Buenos Aires me perturbaba, más aún al provenir de un pueblito enclavado en la selva, y para mis ojos buscadores las sorpresas estaban a la orden del día. En la esquina de Arcos y Mendoza una pila de basura me llamó la atención. De un costado de la montaña de desperdicios asomaban diarios, revistas, algunos discos rotos con las etiquetas arrancadas y tapas de libros chamuscados. Alguien, sin mucho éxito ni vocación, había tratado de quemarlos. Con una de las ramas removí el montículo y apareció casi intacta la tapa de Las Venas Abiertas de América Latina. Obedeciendo a esos impulsos inconscientes que uno jamás sabe de dónde emergen ni por qué, tome la cubierta y la sacudí. Aunque algo manchada, estaba completa con su correspondiente lomo y contratapa. Ese alguien la había desprendido con evidente delicadeza para no estropear el cuerpo del libro. Con imposible disimulo en el mediodía de Belgrano lleno de gente que pasaba a mi lado mirándome de reojo, la plegué y la guardé dentro del libro de historia. Pura casualidad. Caminé rápido las cuadras hasta la casa de mis abuelos donde paré aquel año. Después del almuerzo, en la completa soledad de mi habitación, extraje mi hallazgo. Era una edición de Siglo XXI. El comentario de su contratapa mencionaba un ensayo que historiaba el saqueo del Continente desde la Colonia hasta nuestros días.

Pensé bastante en ese alguien, en esa persona que había arrancado la tapa demostrando que deseaba conservar el texto. Con el tiempo supe que mucha gente en aquellos años fatídicos que ya se desplomaban sobre todos nosotros sustituía la tapa de libros comprometedores por otros inocuos, y que lo mismo se hacía con las cubiertas y etiquetas de los discos. De hecho cuando un compañero me prestó el long play de Piero con su tema "Que se vayan ellos", lo traje a casa dentro de la cubierta del Yo tengo fe de Palito Ortega, un verdadero salvoconducto.
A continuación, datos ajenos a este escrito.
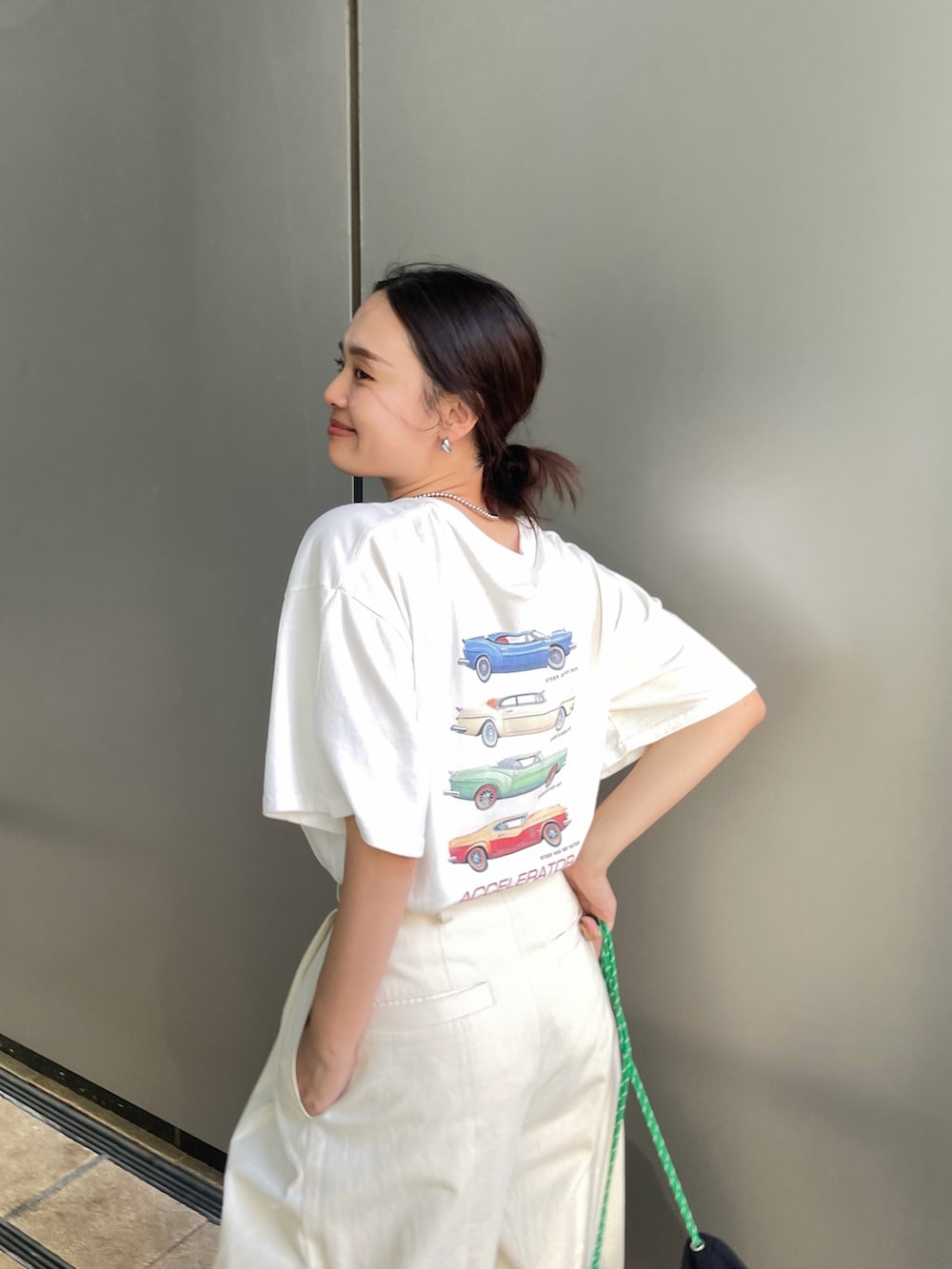 ホワイト系のTシャツ/カットソー、ホワイト系のチノパンツ、ブラック系のバックパック/リュックを着用したレディースの夏コーディネートの2枚目の写真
A raíz de mis siete años de escolaridad paraguaya, había estudiado la injusta Guerra de la Triple Alianza desde el otro lado; y por ese motivo, siempre anhelé una Latinoamérica fuerte y unida frente al imperialismo, en particular el norteamericano, a quien por la guerra de Vietnam tenía en el peor de los conceptos. Por supuesto carecía de referencias concretas sobre Galeano, ni siquiera poseía una idea real del contenido, pero el título y el párrafo de la contratapa me sedujeron. Ese libro hablaba acerca de cómo el capitalismo desangraba al continente. Como suele ocurrirme en tantas ocasiones, me autoimpuse el objetivo de conseguirlo. Al día siguiente, después del colegio, en lugar de volver a casa para almorzar enfilé hacia las librerías del centro. Tomé un 60 en Cabildo y bajé erróneamente en Las Heras y Junín, en lugar de continuar en el colectivo y descender más adelante. Era lo que se dice un autentico "payuca". Traspirando, caminé la veintena de cuadras que me separaban de Corrientes. Un calor húmedo, todavía más pesado que el día anterior, presagio de tormentas, me acompañó en la búsqueda.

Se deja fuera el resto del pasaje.